Today, the three mummies are rotated, one on display at a time, in MAAM, a museum on the main plaza in the northern Argentinian city of Salta. Three years ago, I’d visited Juanita, a similar mummy found in Peru and displayed in a darkened room a few blocks from the Plaza de Armas in Arequipa. As a consequence, I figured I knew what to expect when I stepped inside MAAM. During my visit, Lightning Girl was the mummy being displayed, possibly the most haunting museum exhibit I’ve ever seen.  No photography is permitted; the image above is of a postcard I purchased in the museum shop.

The first thing that struck me was how well preserved this small child was, much more so than Juanita had been. Found entombed with a slightly older girl, her half-sister, and a boy, she looked straight ahead. Her face stared bleakly, as if tensed against intense cold. A dark stain marked her face, thought to have been caused by a lightning strike after she was sacrificed. But it was her teeth that caught my attention, tiny white milk teeth that emphasised just how young this girl would have been when she met her fate. Text beside her indicated that she had been just five years old when she died. There was no escaping that here in front of me, in this darkened room, was a real person.

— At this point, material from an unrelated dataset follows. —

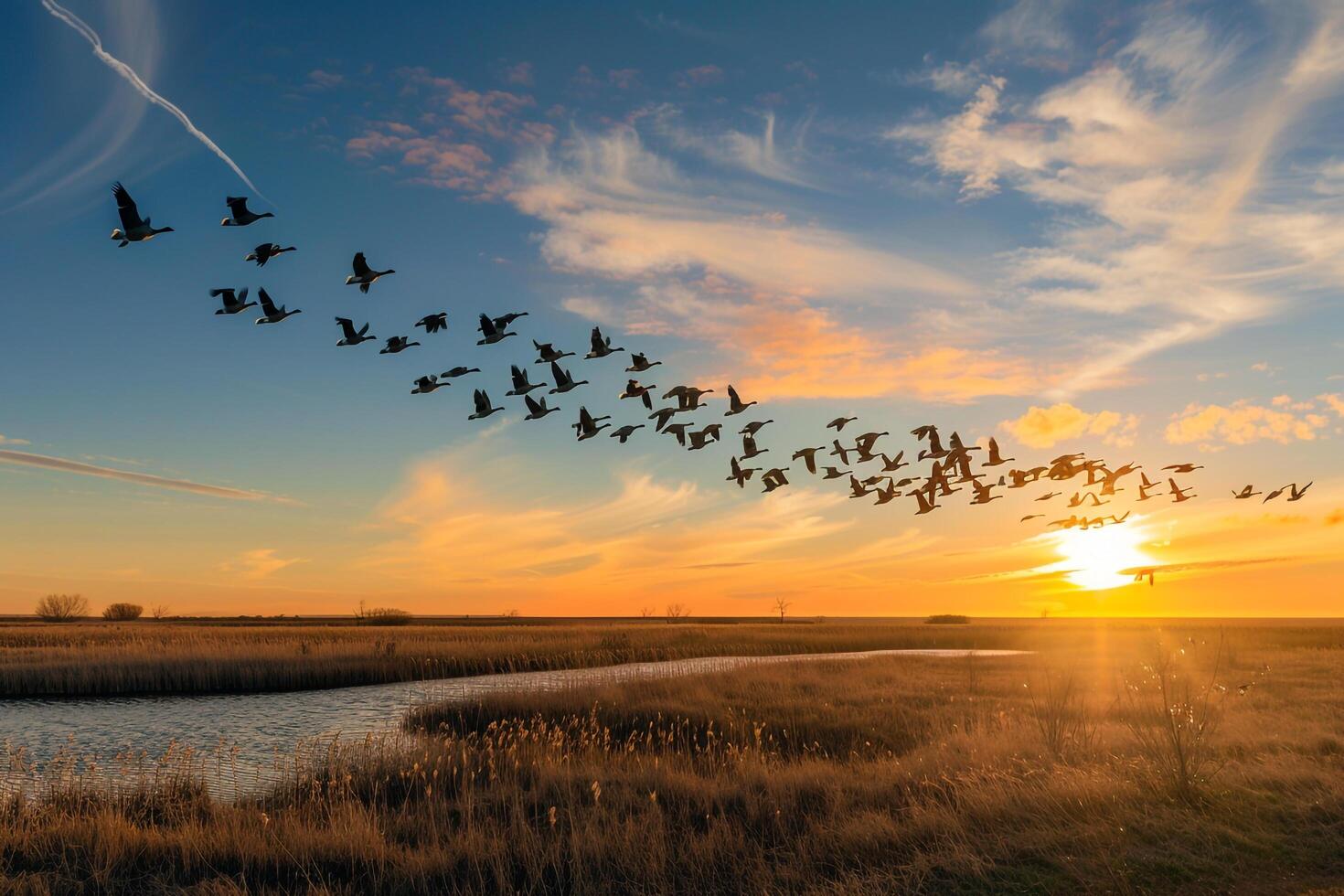 A Flock of Birds Flying over a Field at Sunset Background photo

During Inca times, it was the custom to choose sacrificial children from peasant families, deemed an honour for the family, though surely a heartbreaking one too. Girls such as these were selected as toddlers to be acclas or Sun Virgins, destined later to be royal wives, priestesses or to be sacrificed. It is thought that the elder girl was such a person, the two younger children her attendants. The children were then fed a rich diet of maize and llama meat to fatten them up, nutritionally far better than their previous diet of vegetables would have been. The higher their standing in society, the better the value of this offering to the gods, essential to protecting future good harvests and political stability. The children would not die, it was believed, they joined their ancestors and watched over mortals like angels.

Despite the drugged state induced by the coca and chicha, which in theory led to a painless end, the boy had been tied. Perhaps he’d struggled and had needed to be restrained. The older girl had her head buried between her knees, but Lightning Girl looked straight ahead. Had she been too young to comprehend what was happening to her?